### TASK STATEMENT
Only the lines from the one bearing "toyota hilux 2020 CFJ1726334 image 4" through the end of the entries should be output, exactly as they stand, and pictures should be skipped.

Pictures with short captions
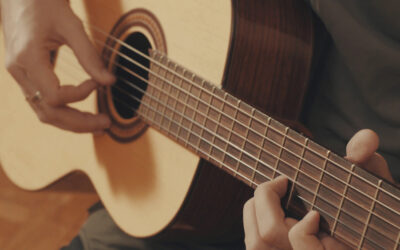 5 gammes de guitare essentielles: Apprendre les gammes de base de la guitare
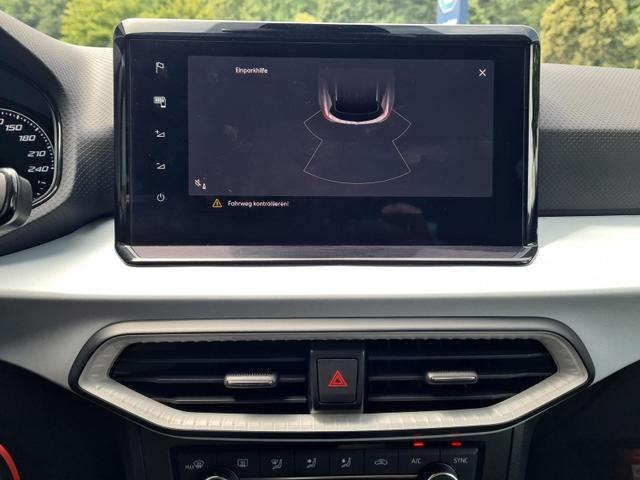 Seat Arona Style 1.0 TSI LED Navi FullLInk PDC 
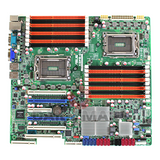 Used & Tested Asus Kgpe-D16 Server Motherboard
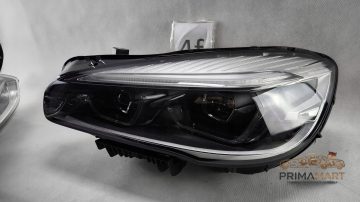 Foto 4 von Frontscheinwerfer BMW Full LED 5A32E05 Links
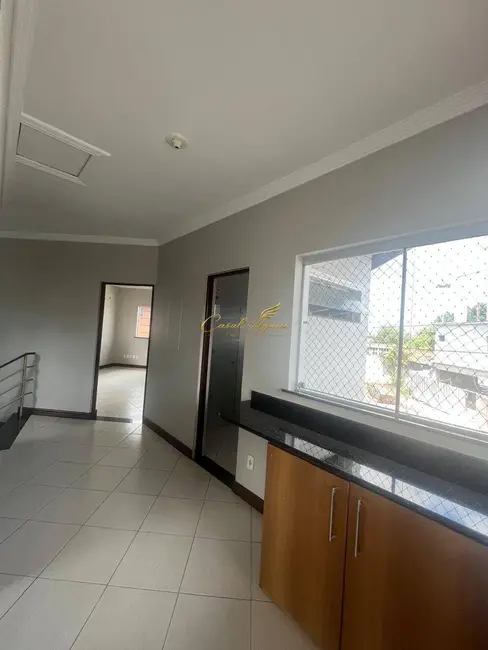 Foto 3 de Casa de Condomínio com 3 quartos para alugar, 160m2 em Parque Verde, Belem - PA
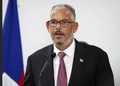 Primer ministro de Haití hace un llamamiento a la unidad y al restablecimiento del orden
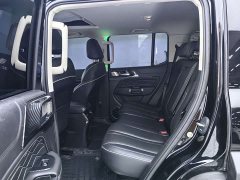 Tank 300 2021 Off-Road Edition 2.0T Conqueror - ფოტო 8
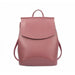 Women Fashion Backpack High-Quality Pu-Leather Shoulder Bag - Atom Oracle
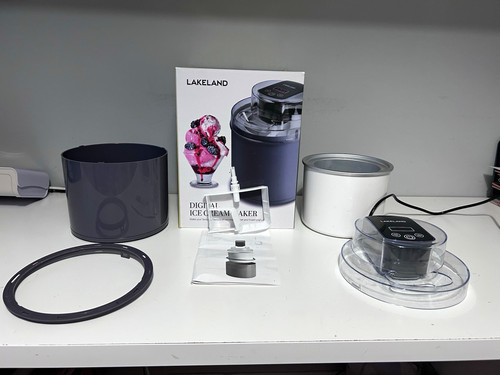 Lakeland digital ice - lakeland,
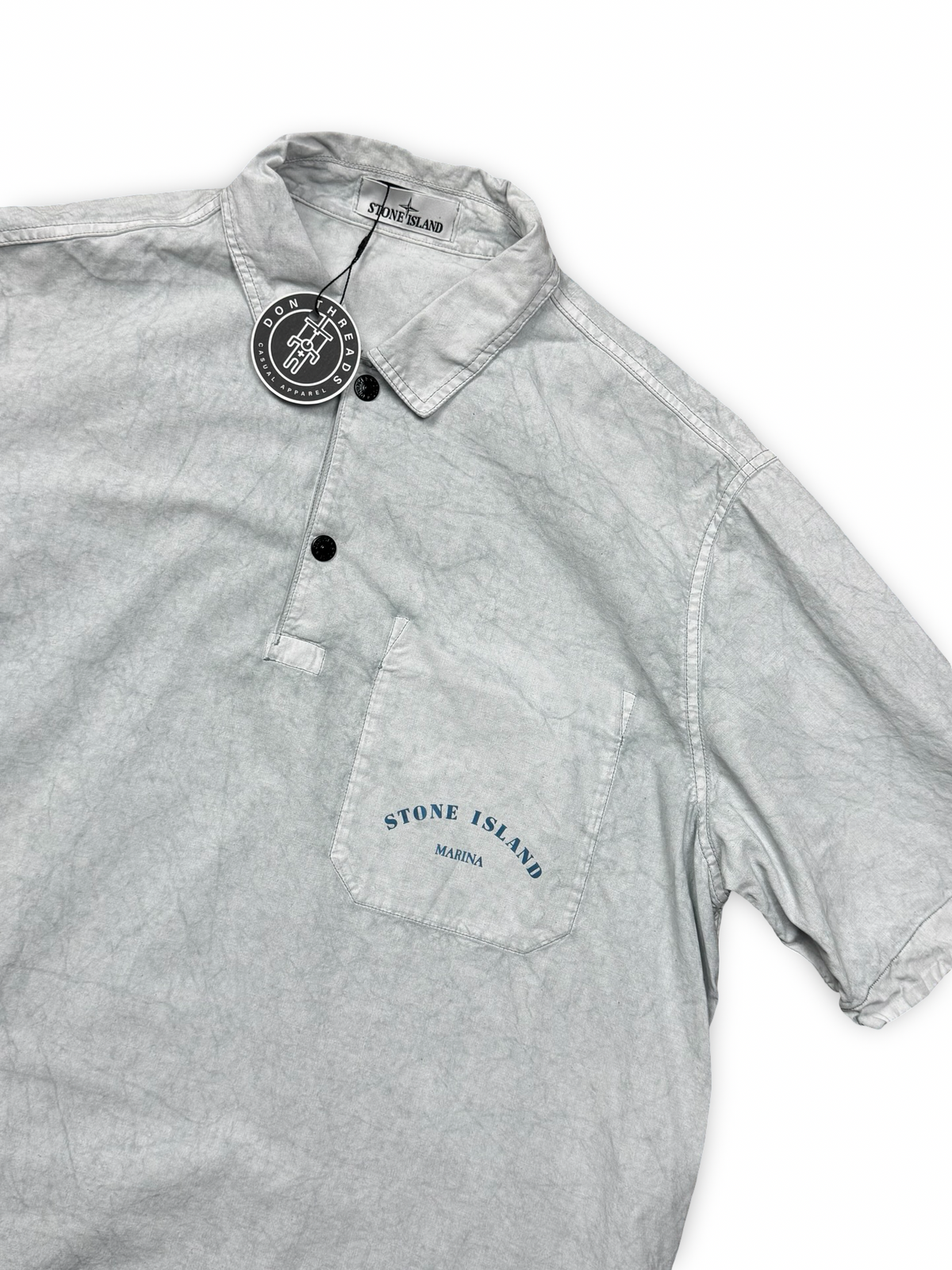 Stone Island Marina Polo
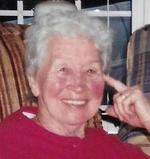 Ruth Bruno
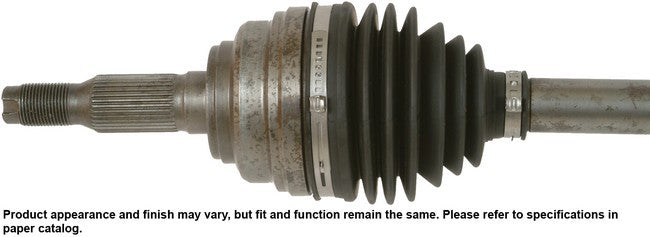 CARDONE Reman CV Axle Assembly P/N:60-1425 Fits: Chevrolet Optra 09-04, Suzuki Forenza 08-04, Suzuki Reno 08-05 - Image 2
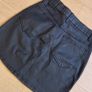 Mini Skirt + Rhinestone Top - 8 Image 6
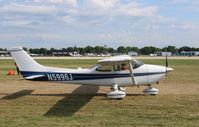 N5996J @ KOSH - Cessna 182P - by Mark Pasqualino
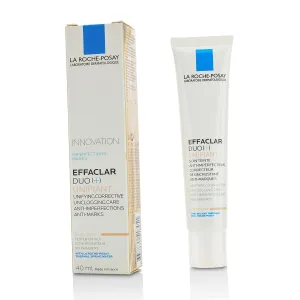 Effaclar Duo ( ) Unifiant Unifying Corrective Unclogging Care Anti-Imperfections Anti-Marks - Light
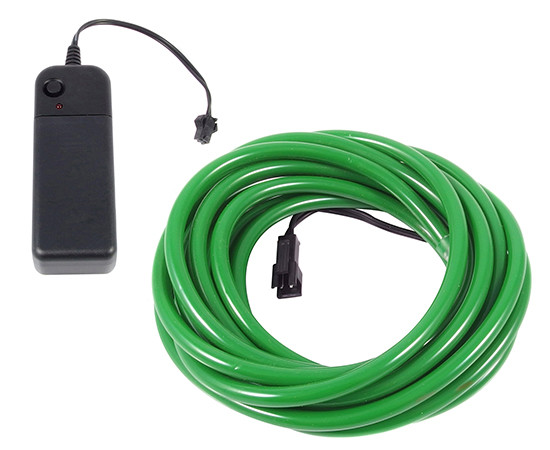 El wire OLWZ.5mm-3m.BAT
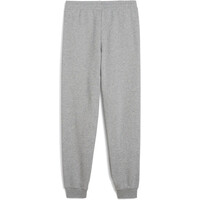 Puma pantalón niño ESSENTIAL NO. 1 LOGO GRIS 03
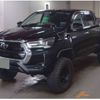 toyota hilux 2020 CFJ1726334 image 4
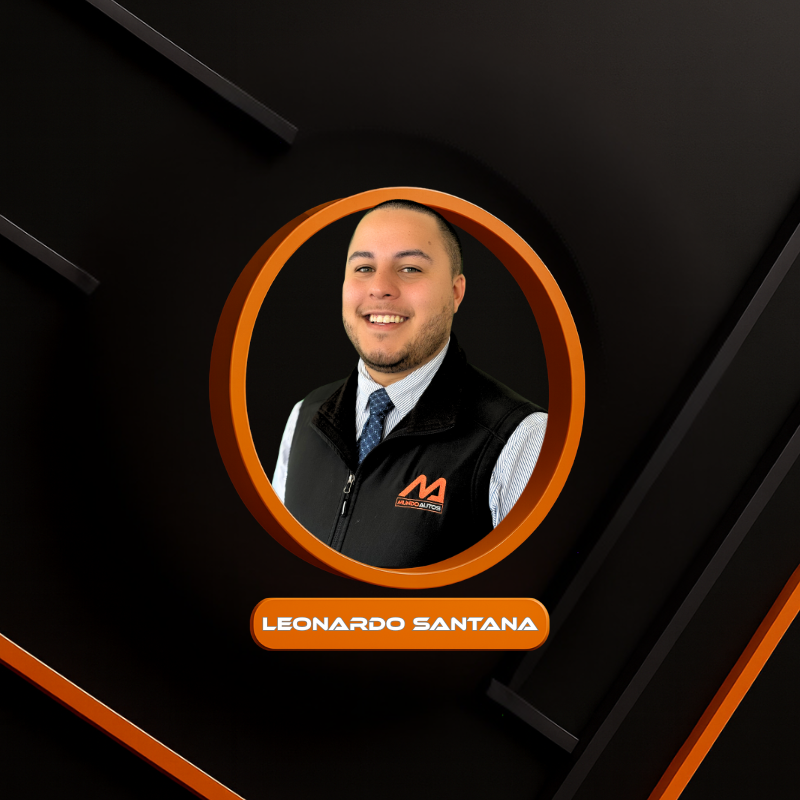 Leonardo Santana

### WRITTEN RESPONSE
 toyota hilux 2020 CFJ1726334 image 4
 Leonardo Santana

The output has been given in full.